Il est temps maintenant de décortiquer ce Time I qui, autant briser la glace, s’avère médiocre. Première constatation assez inquiétante : une tracklist composée de seulement cinq morceaux de trois à treize minutes. Un nombre aussi modeste peut laisser imaginer une sortie précipitée. L’introduction symphonique, « When Times Fades Away » n’est pas mauvaise, loin de là. Magnifiquement orchestrée et épique, cette composition n’a rien à envier au travail d’un certain Hans Zimmer. Belle mais longue (plus de 4 min), c’est surtout par son manque de mélodies folks que cette introduction laisse dubitatif.

Les doutes se confirment après la première écoute de « Sons of Winter and Stars » qui est une bouillie incohérente, maladroite et déstabilisante de treize minutes. À vouloir être trop ambitieux, Wintersun en fait trop. Les passages s’enchaînent et ne ressemblent malheureusement pas. Voix gutturales côtoient chants clairs et lyriques pour un résultat qui n’est pas des plus efficaces. Même constat pour la musique : la rythmique, et surtout la batterie, se retrouve noyée dans un océan de claviers et de symphonies qui s'enchaïnent sans réelle logique. Un morceau qui, en dépit de proposer certains passages épiques à hérisser chaque poil de son corps, est franchement indigeste. Le principal défaut restant la prépondérance de symphonie au détriment du folk qui apportait beaucoup d’énergie au premier album.

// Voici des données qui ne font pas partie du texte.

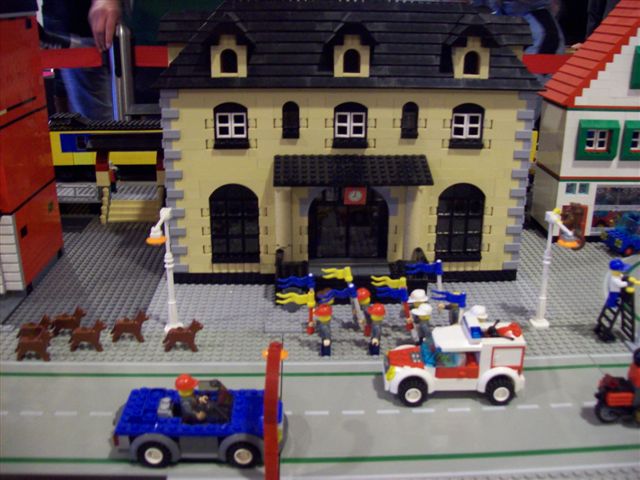 lego090228_017.jpg
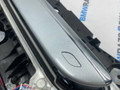 ручка наружная задняя левая Mercedes-Benz S-Класс W223 2024, 3.0 л., M256 E30, бензин, АКПП, седан, A0997609103 - фото №2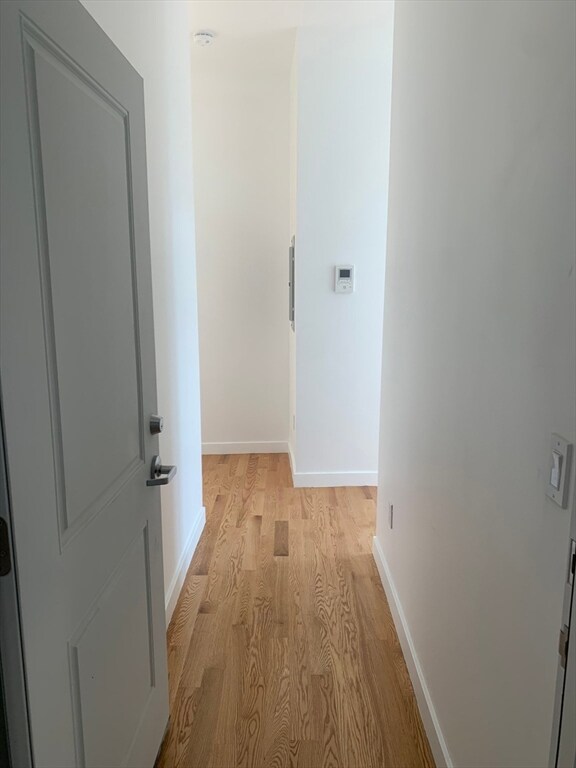 64 Market St unit 303B, Lynn, MA 01901 - photo 6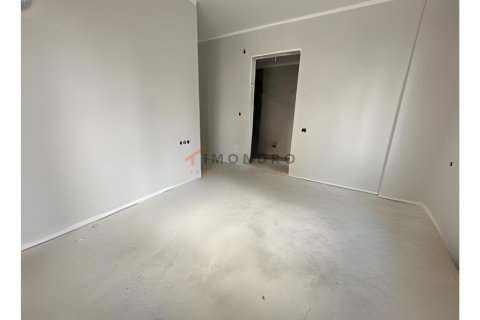 2+1 Wohnung  in Kadikoy, Istanbul, Türkei Nr. 223424 - 15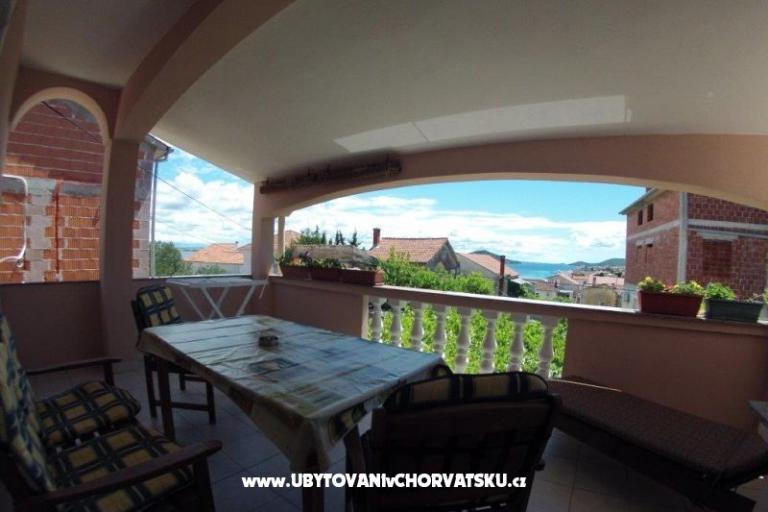 Apartments Uhoda – photo 18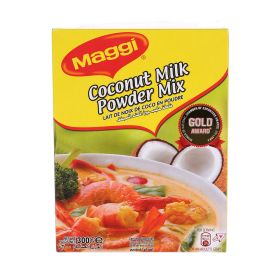 Maggi Coconut Milk Powder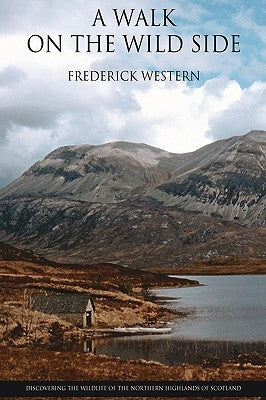A Walk on the Wild Side by Western, Frederick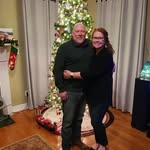 Susan Smith Feltmann - @susan_feltmann - Instagram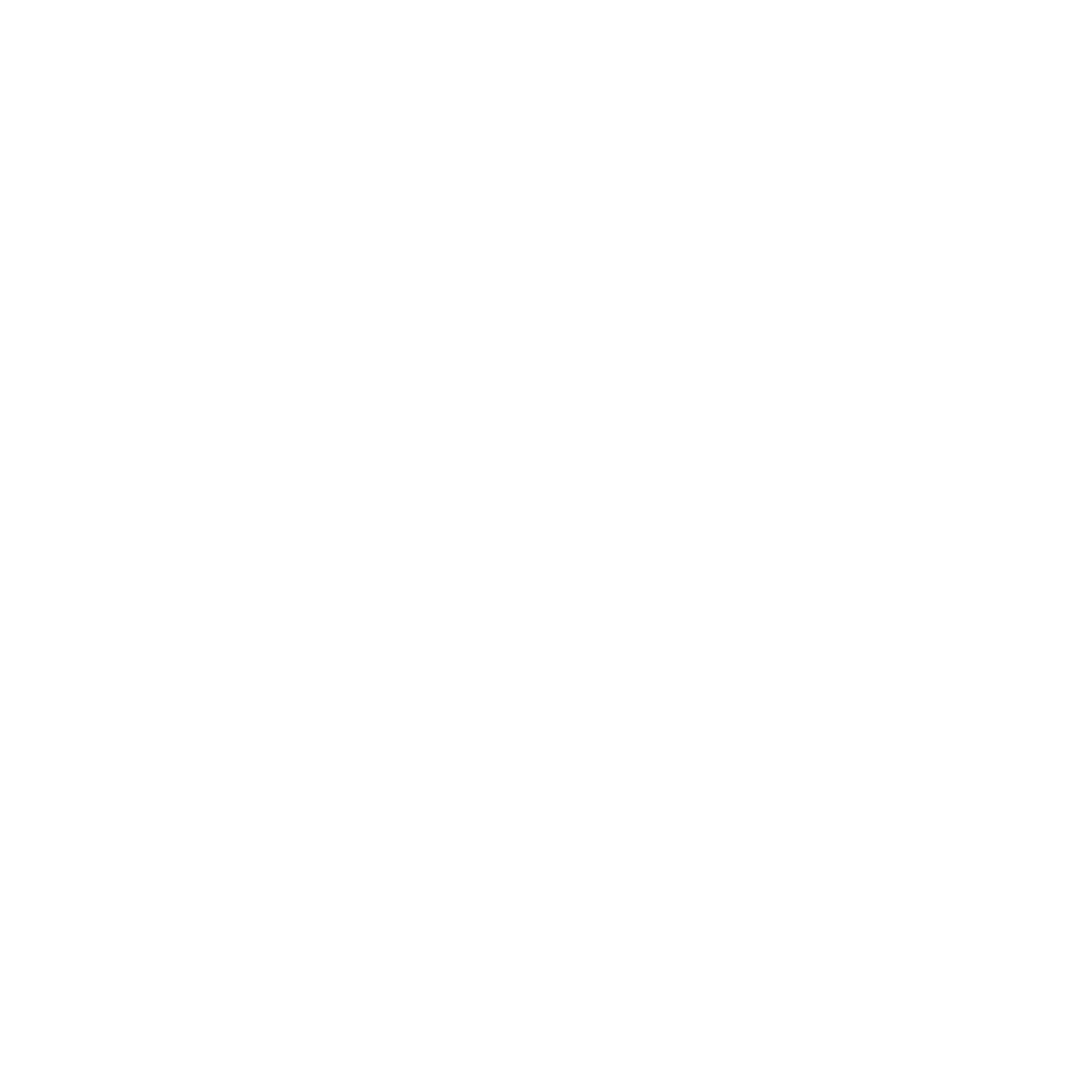 MC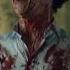 Tiresome Affairs Sherlock Shorts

Le troisième acte, « Land of Snow and Sorrow », se révèle tout de même plus carré et plus proche du précédent travail de Wintersun mais conserve ce côté « n’importe quoi » étalé sur 8 minutes. « Darkness and Frost », est le grand frère de «When Times Fades Away ». Un petit interlude de deux minutes qui aide à faire digérer les compostions précédentes et qui est étrangement bien sympathique. Et c’est à ce moment que les auditeurs mauvaises langues, ou objectifs, se diront que les compositions orchestrales de Time I  dominent les titres metal. Quant au dernier espoir que représente « Time », il s’envole bien vite puisque le morceau est dans la continuité  de « Sons of Winter and Stars » à savoir long, granguignolesque et manquant de punch. Un morceau de douze minutes trop long qui vient mettre un terme à une production finalement trop courte. Un seul mot vient à la bouche après écoute complète de ce Time I  : frustration.

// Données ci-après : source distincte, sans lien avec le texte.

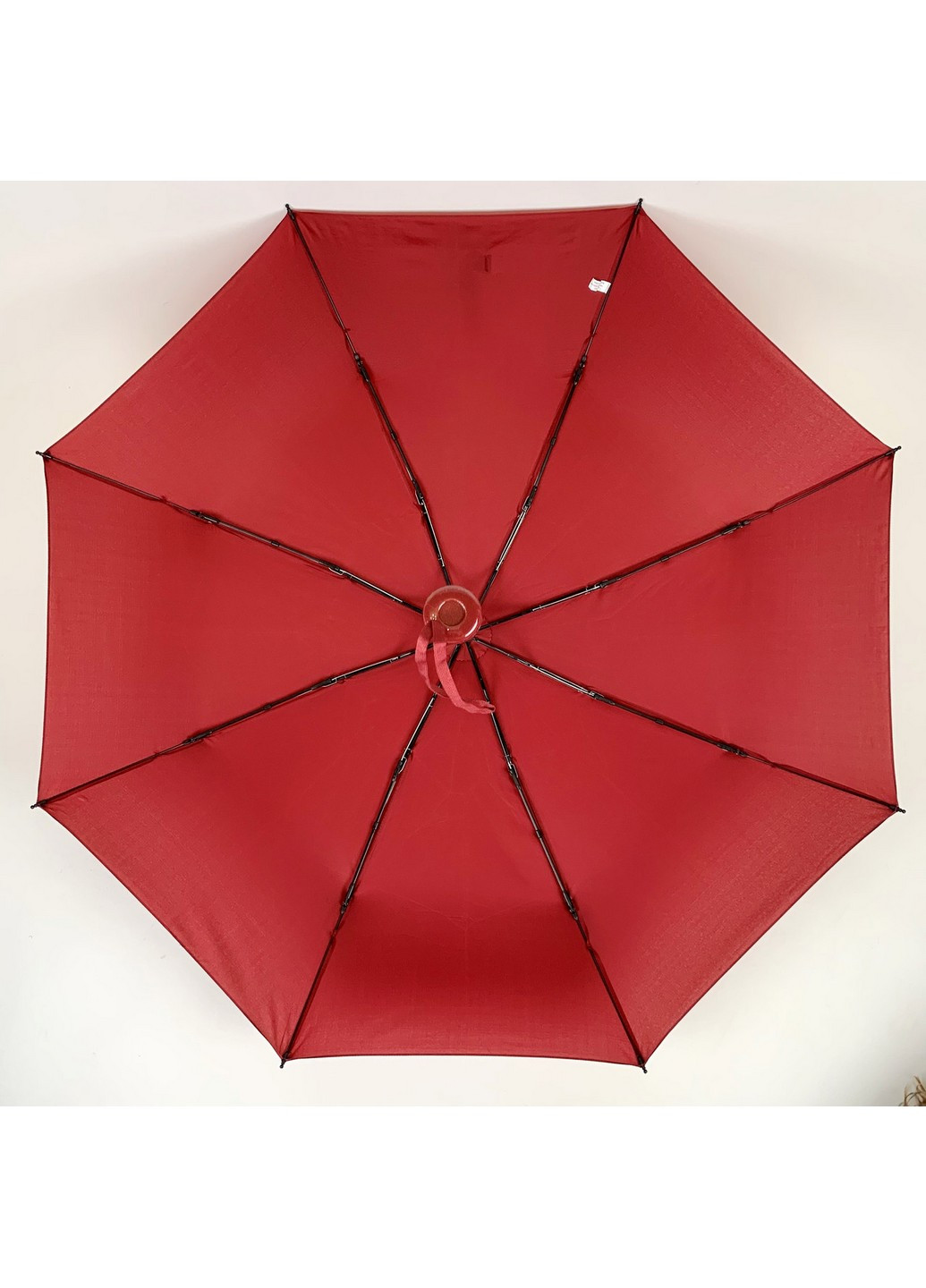 Жіноча механічна парасолька 97 см SL (258638179)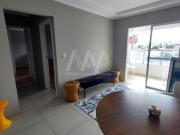 Apartamento para Venda em Sorocaba, Vila Lucy, 2...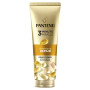 Кондиціонер для волосся Pantene Pro-V 3 Minute Miracle Інтенсивне відновлення 220 мл (8700216500616) Кондиціонер для волосся Pantene Pro-V 3 Minute Miracle Інтенсивне відновлення 220 мл (8700216500616)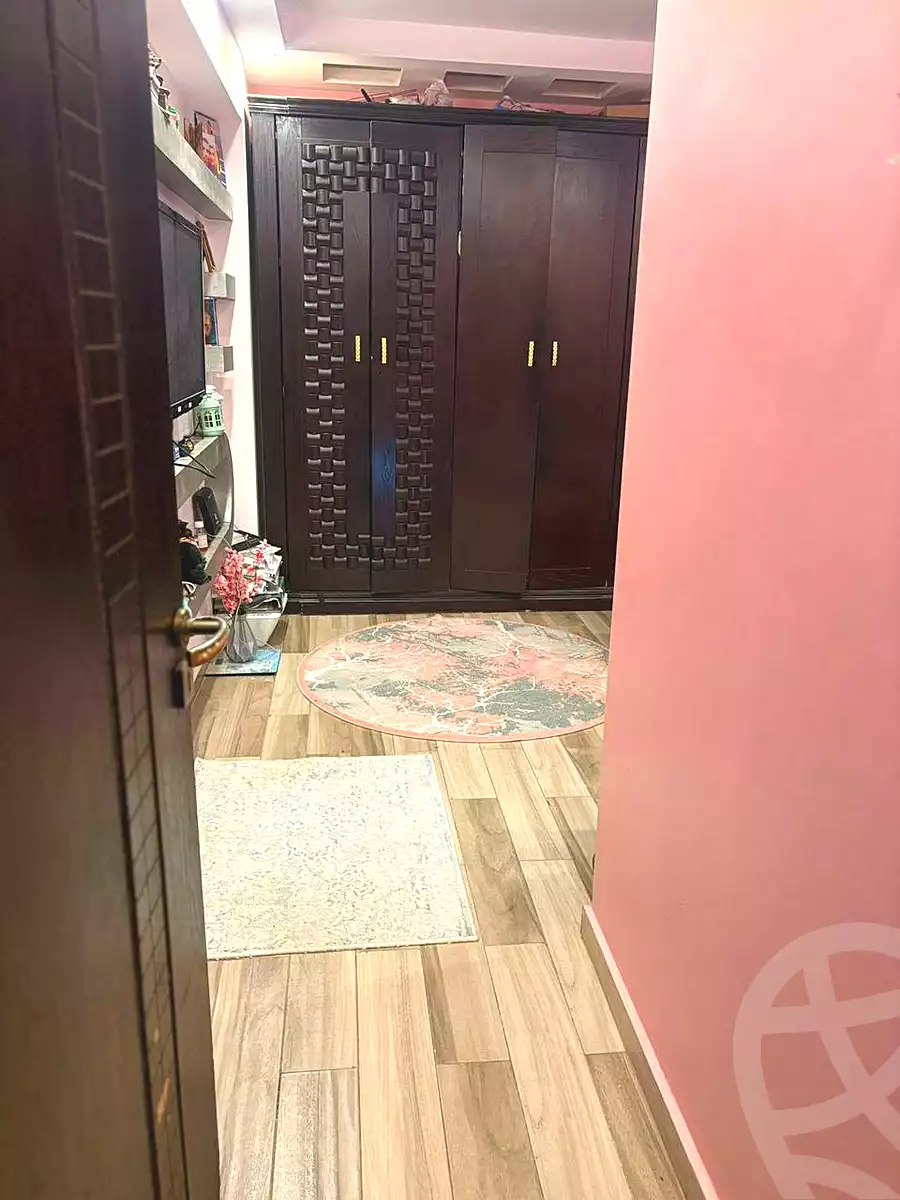https://aqarmap.com.eg/en/listing/6916035-for-sale-cairo-ain-shams-mnshy-lthryr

Frustré de se dire que le nouveau Wintersun, et ses bonnes idées, aurait pu être un voyage musicale très agréable. Vouloir absolument rouler sur la bonne vieille recette couplet/refrain/solo est une chose, le maitriser en est une autre. En laissant la part belle à la symphonie, Jari Mäenpää a oublié qu’il était également attendu pour quelque chose de puissant et metal. Frustré également face au contenu quelque peu rachitique qui ne propose au final que trois compositions heavy et ramène la durée à 32 min. Vient donc s’ajouter le sentiment d’avoir été arnaqué soit à cause des trop grandes ambitions du compositeur soit parce que Nuclear Blast a perdu patience et qu’il fallait donc sortir quelque chose, d’où une œuvre bâclée. Dans tous les cas, l’attitude des deux protagonistes est plus que discutable surtout quand le résultat est aussi maladroit. L’acheteur tranchera.

Wintersun, Time I, Time II

Si la note finale paraîtra sévère, c’est avant tout parce qu’elle s’adresse aux fans de Wintersun qui ont patiemment attendu pendant huit ans. Pour ces derniers, la déception sera inévitable car  Time I n’a rien à voir avec son grand frère paru en 2004, qu’il est court et manque énormément de puissance. En revanche les amateurs de musique bien épique pourront se laisser tenter et ainsi rajouter un point, ou deux s’ils ont vraiment la dalle, tout en gardant à l’esprit qu’ils paieront le prix fort pour une œuvre incomplète. Dans tous les cas une chose est certaine : Time II  aura du boulot, beaucoup de boulot.